■ Exercise aim:
The lines to copy run from the one containing "vane online show" to the last line of the entries; output those lines exactly and only them, without pictures.

[Data for the task Boundary: Start]

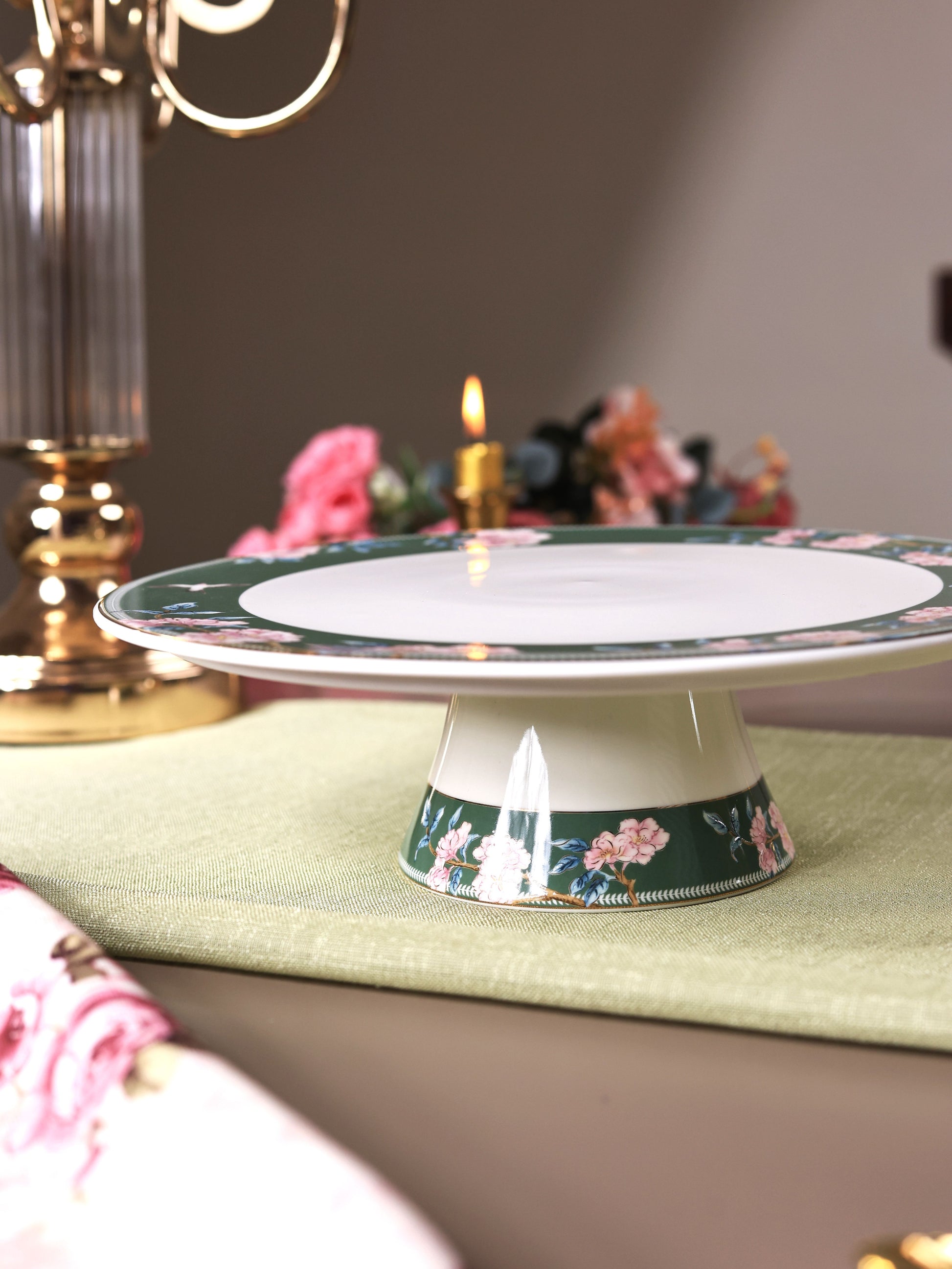 Victorian Green Cake Stand - Vigneto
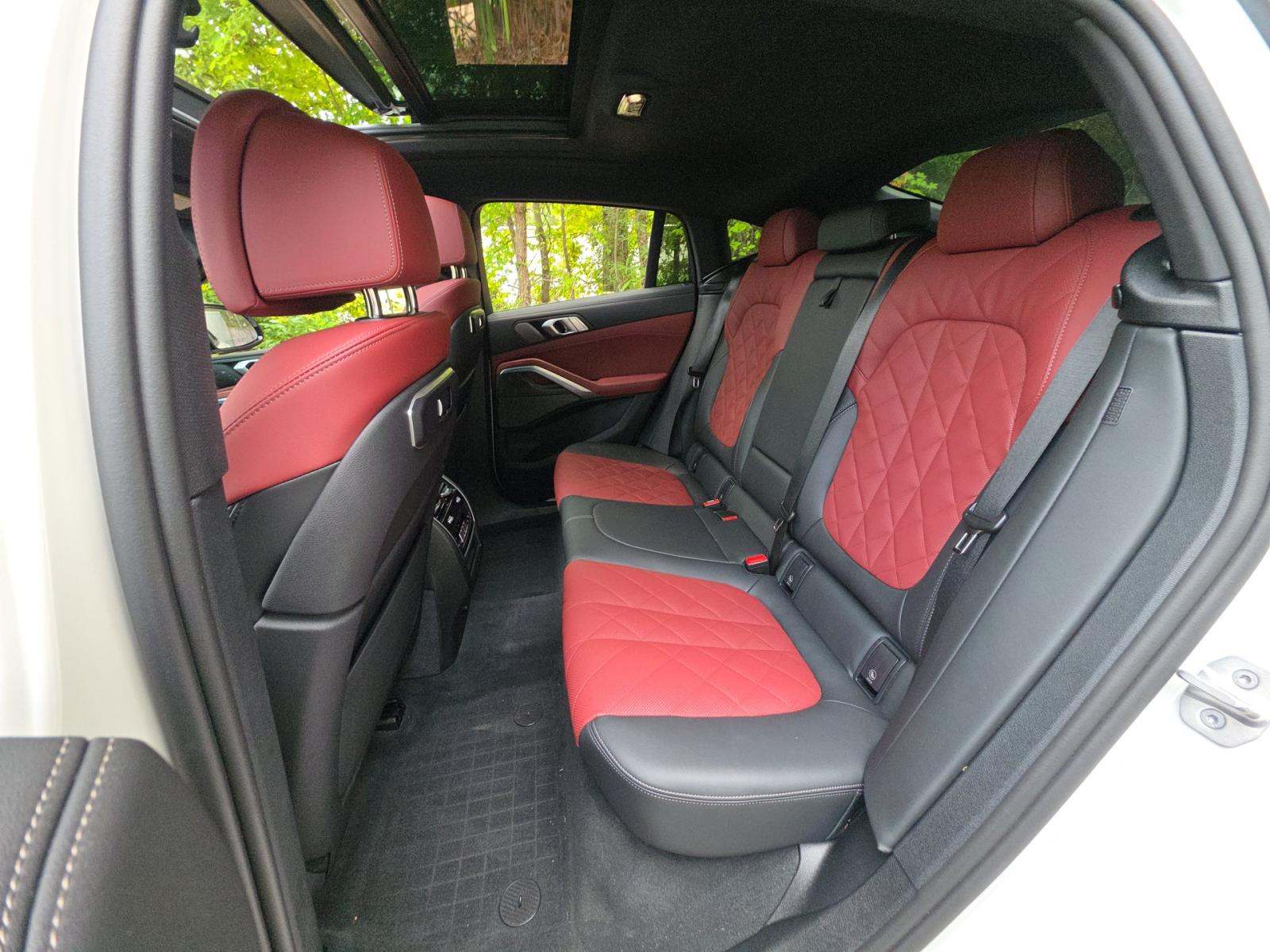 2025 BMW X6 xDrive40i AWD
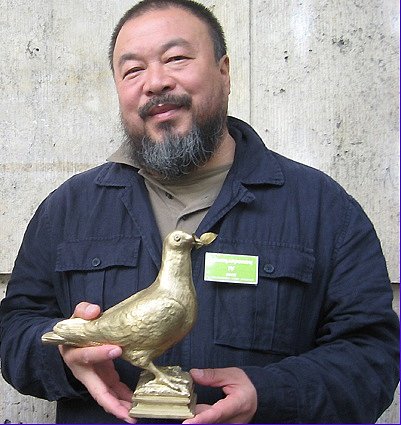 Aj Wej-wej, držitel Zlaté holubice míru.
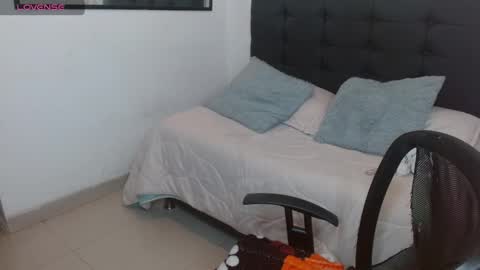 vane online show from November 3, 2025, 7:59 pm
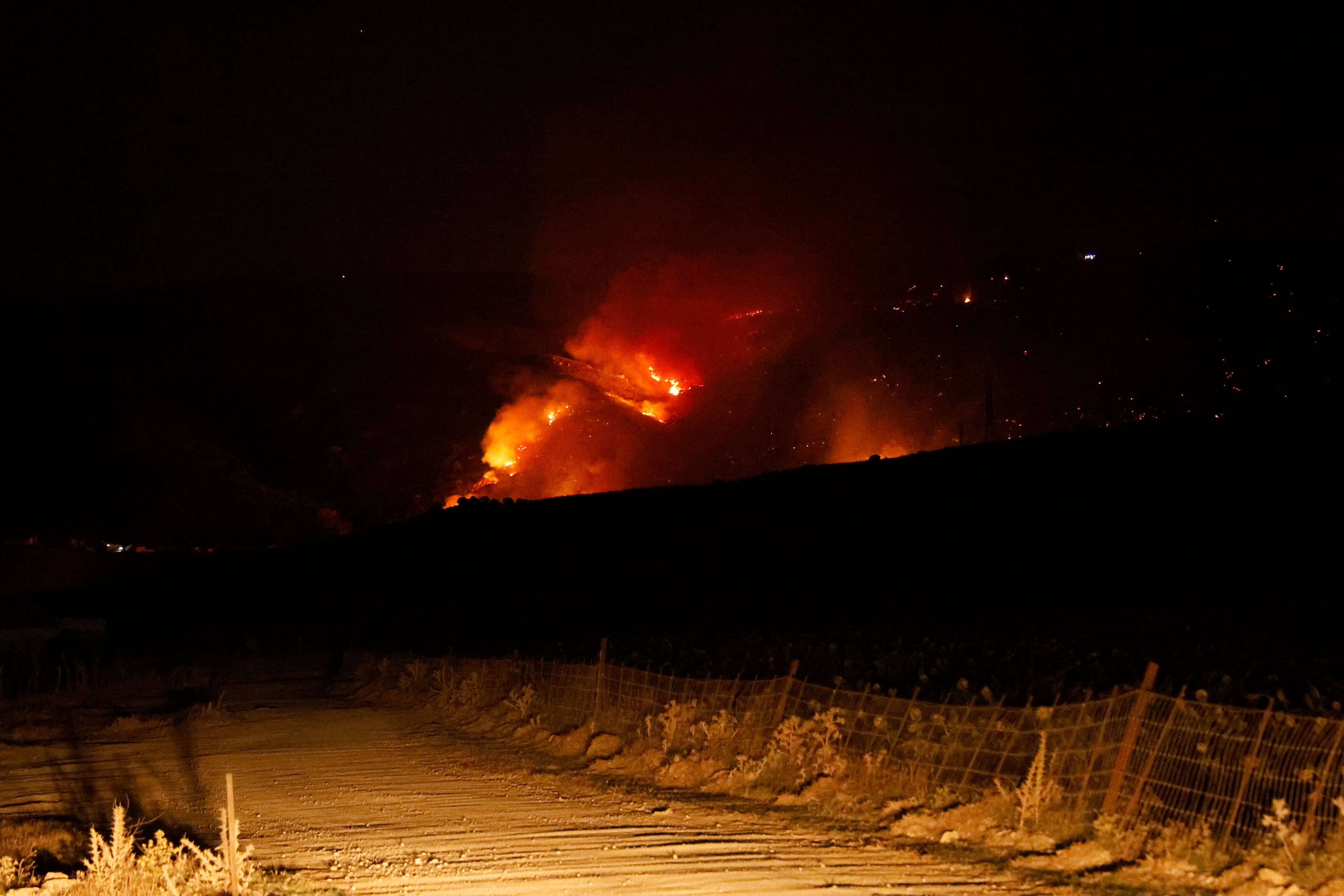 Imagen de las primas horas del incendio. EFE/A.Carrasco Ragel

[Data for the task Boundary: End]

■ Result of the exercise:
 vane online show from November 3, 2025, 7:59 pm
 Imagen de las primas horas del incendio. EFE/A.Carrasco Ragel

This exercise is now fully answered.